Imagine me in a crowded marketplace, with a dagger up my seleve, saying to you, "Polus, I've just go myself some marvelous tyrannical power. So, if I see fit to have any one of these people you see here put to death right on the spot, to death he'll be put. And if I see fit to have one of them have his head bashed in, bashed in it will be, right away. If I see fit to have his coat ripped apart, ripped it will be. That's how great my power in this city is!" Suppose you didn't believe me and I showed you the dagger. On seeing it, you'd be likely to say, "But Socrates, everybody could have great power that way. For this way any house you see fit might be burned down, and so might the dockyards and triremes of the Athenians, and all their ships, both public and private." But then that's not what having great power is, doing what one sees fit.
[Plato, Gorgias, Zeyl, tr. Hackett, p. 32]

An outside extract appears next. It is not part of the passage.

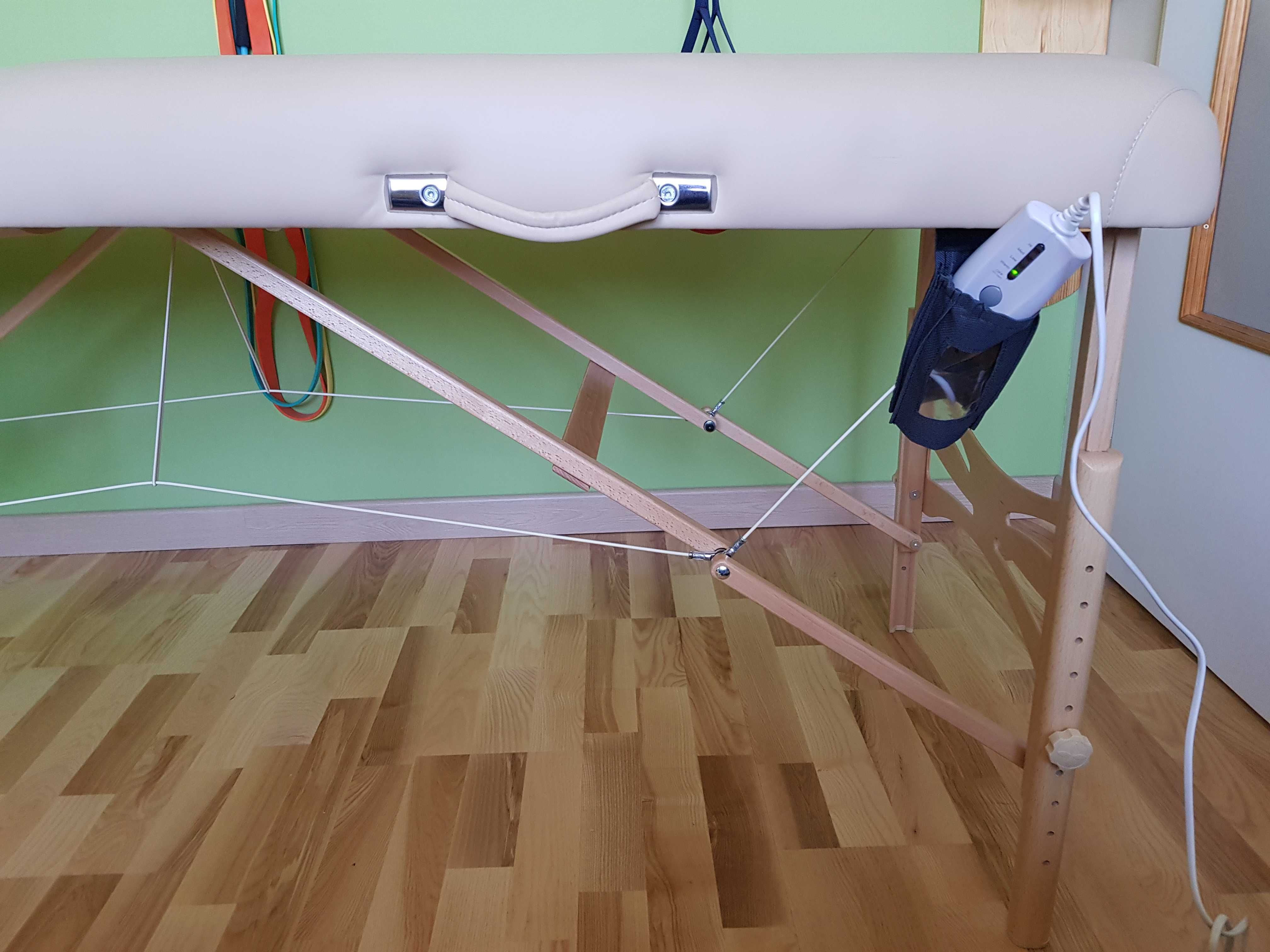 Stół do masażu Habys z wyposażeniem.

The passage led to some interesting discussion on the nature of true power, and what is merely a pitiable and pathetic grasping after it, as well as the difference between a conception of power or success based on doing something because one can and sees fit to do it -- which underlies much of the rhetoric by which people try to persuade us to buy or to vote -- and a conception of power or success based on doing what is good for oneself and others. It's one of the reasons I teach the Gorgias; there's no better Platonic dialogue for discussing in a direct way things we deal with every day even in our society.